The role of cytokines, especially IL-10, IL-6 and TNF-α, have been extensively studied for the prediction of disease severity[45,48,55,56]. These cytokines can be used to predict the severity of PEP after 12-24 h; however, measurements taken 4 h after the procedure showed no significant difference between patients who developed PEP and those who did not develop PEP[51,58].
Further research on the initial inflammatory response is necessary, particularly as organ failure has been reported to occur earlier in severe forms of AP, either at admission or 14 h later. Furthermore, in PEP, organ failure occurs twice as fast than in non-ERCP AP. Direct comparison of the initial inflammatory response between PEP and non-ERCP AP would be of significant importance to clarify these statements. Found difference in clinical response to initial injury might be explained by different initial immune response.

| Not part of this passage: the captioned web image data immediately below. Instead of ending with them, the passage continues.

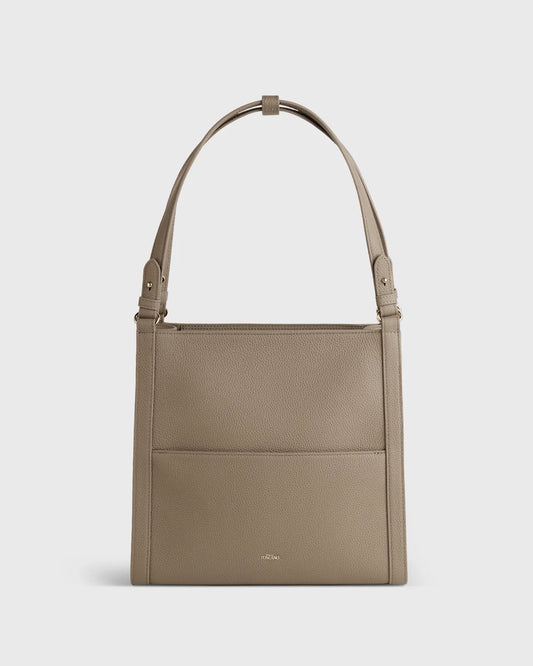 Light Brown Mae Boxy Tote - TLHB1511LN3NF5 - Tocco Toscano Malaysia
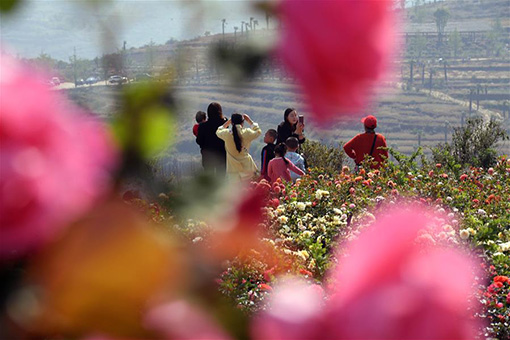 Chine: paysage du site pittoresque de Duoleyuan au Yunnan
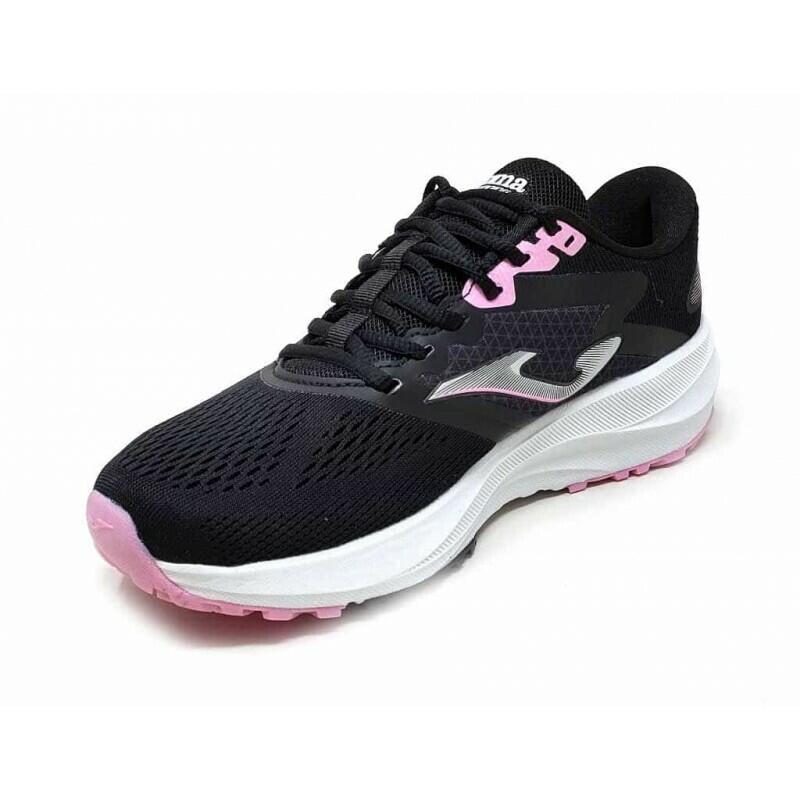 Scarpa da corsa donna Joma mesh jacquard nero/rosa - drop 10 mm 3/5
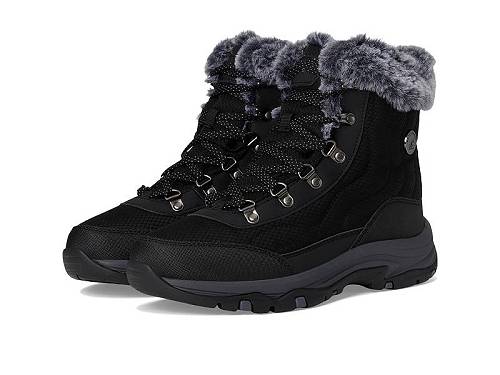 送料無料 スケッチャーズ SKECHERS レディース 女性用 シューズ 靴 ブーツ ハイキング トレッキング Trego - Stormie - Black/Black｜グッズ&times;グッズ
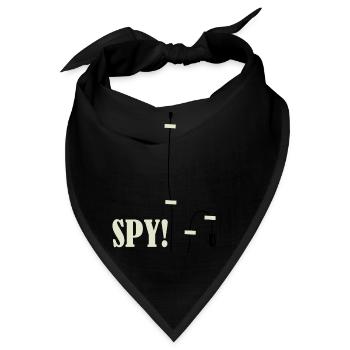 Abhörgerät Spionage Spion Mikofon - Bandana - Schwarz - Vorne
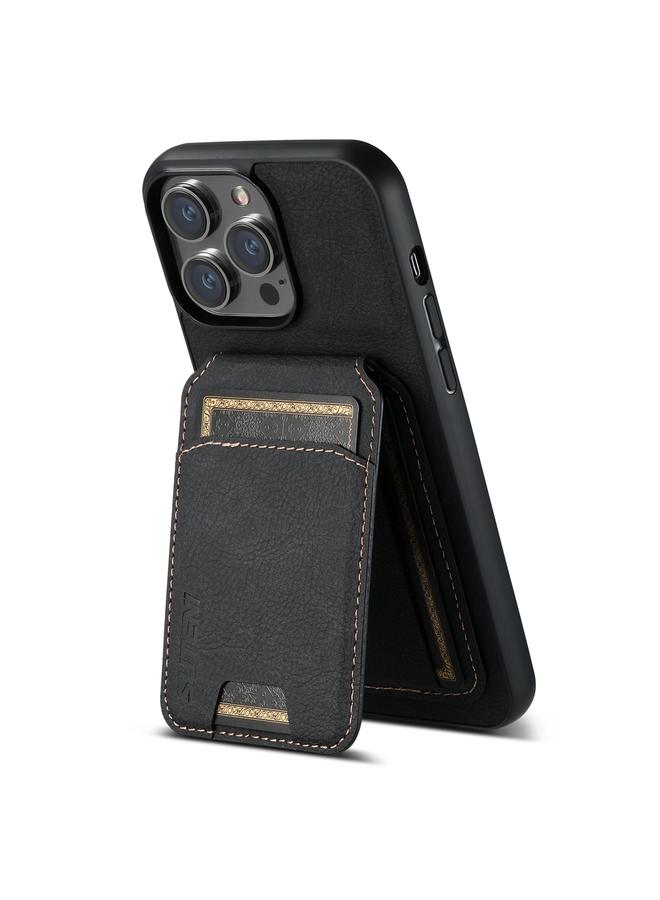 Suteni Case For iPhone 11 Pro Max H02 Litchi Leather Card Wallet Stand Back Phone Case - Image 3
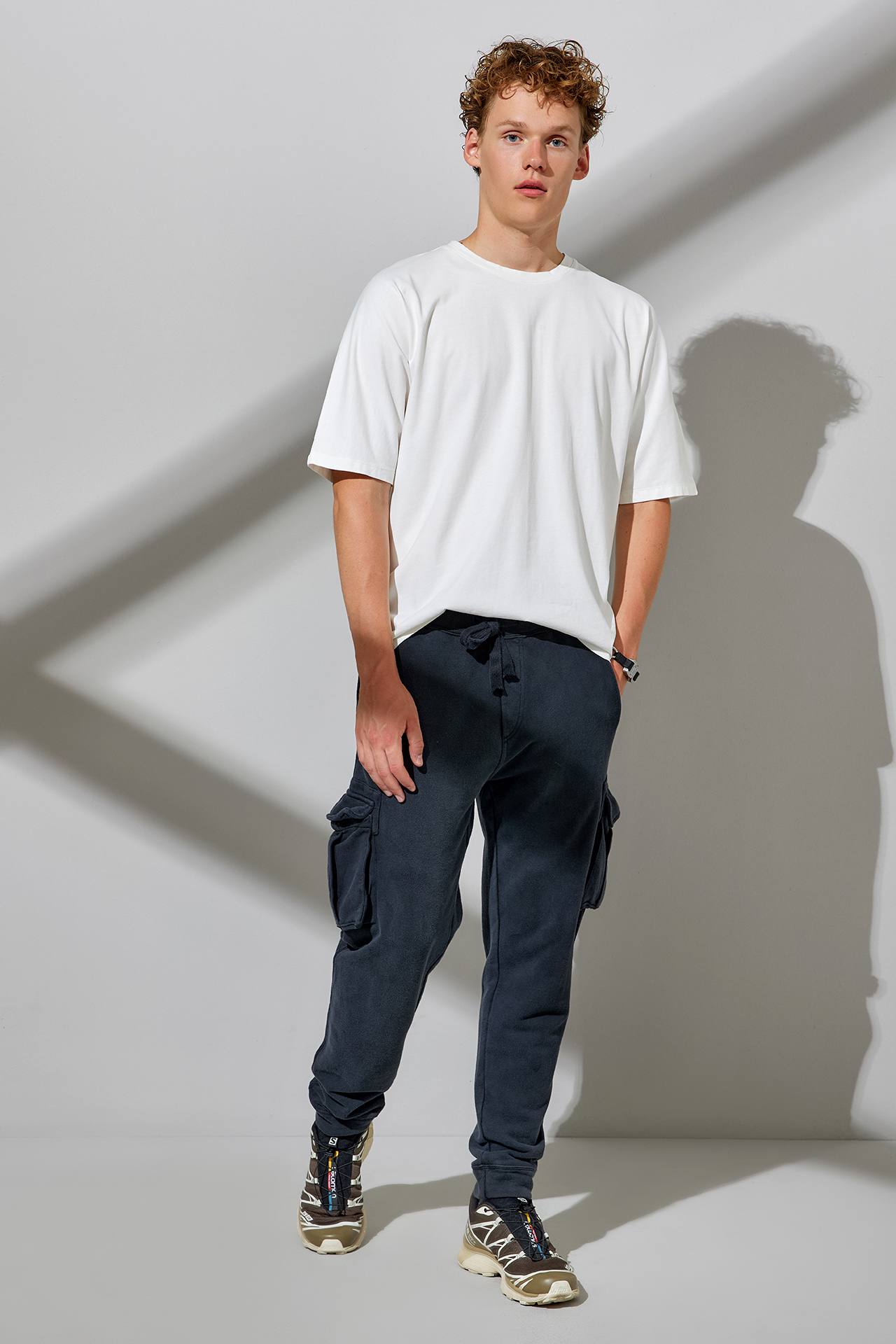 CARBON OVERSIZED TEE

Infection is considered to be the most important prognostic factor for disease severity. Similarities between cytokines and inflammatory mediators in sepsis and AP are often compared. Kjaergaard et al reported that the expression of NKG2D receptors on NK cells and CD14 on monocytes can be valuable prognostic markers of an unbalanced immune response, and may predict a worse outcome for critically ill patients. Also, Guo et al presented natural killer cells as critical to eliminate pathogens during the early phase of sepsis and prevent patients from developing secondary infection. We suggest that similar components should be used in PEP and non ERCP AP.
In addition to searching for adequate biomarkers to assess disease severity, it is our opinion that novel therapeutic strategies for both of these conditions lie in uncovering the immune pathways.